* [Work instructions]
Repeat each line of the data below exactly, but skip the pictures.
-- Opening Marker --
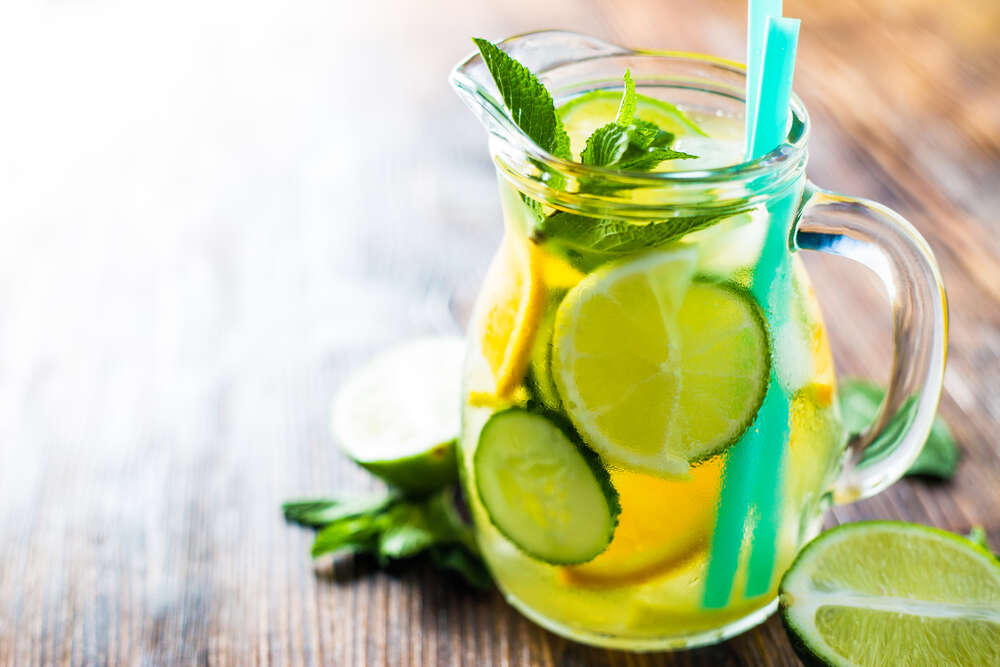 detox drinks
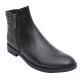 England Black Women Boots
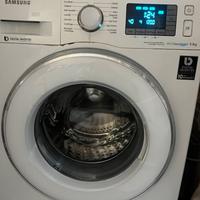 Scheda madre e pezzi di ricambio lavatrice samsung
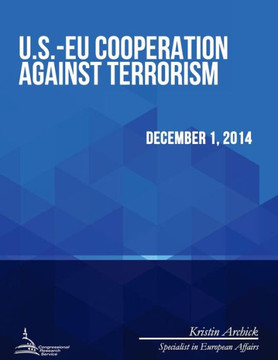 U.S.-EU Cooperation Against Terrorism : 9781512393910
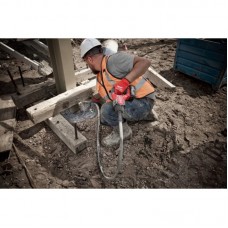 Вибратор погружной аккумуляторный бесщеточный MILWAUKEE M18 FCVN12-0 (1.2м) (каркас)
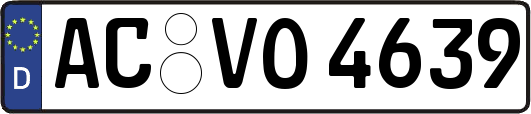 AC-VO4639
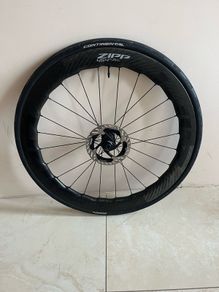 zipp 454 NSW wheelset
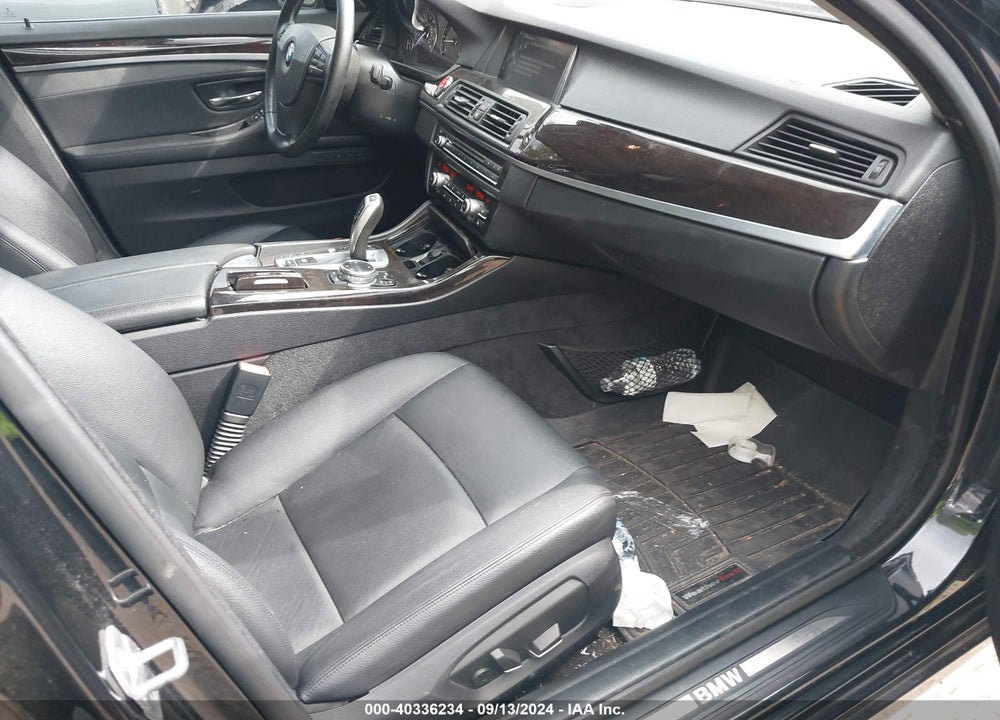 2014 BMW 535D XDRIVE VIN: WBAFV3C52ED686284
-- Closing Marker --
* [Exercise solution]
 detox drinks
 England Black Women Boots
 Scheda madre e pezzi di ricambio lavatrice samsung
 U.S.-EU Cooperation Against Terrorism : 9781512393910
 Вибратор погружной аккумуляторный бесщеточный MILWAUKEE M18 FCVN12-0 (1.2м) (каркас)
 AC-VO4639
 zipp 454 NSW wheelset
 2014 BMW 535D XDRIVE VIN: WBAFV3C52ED686284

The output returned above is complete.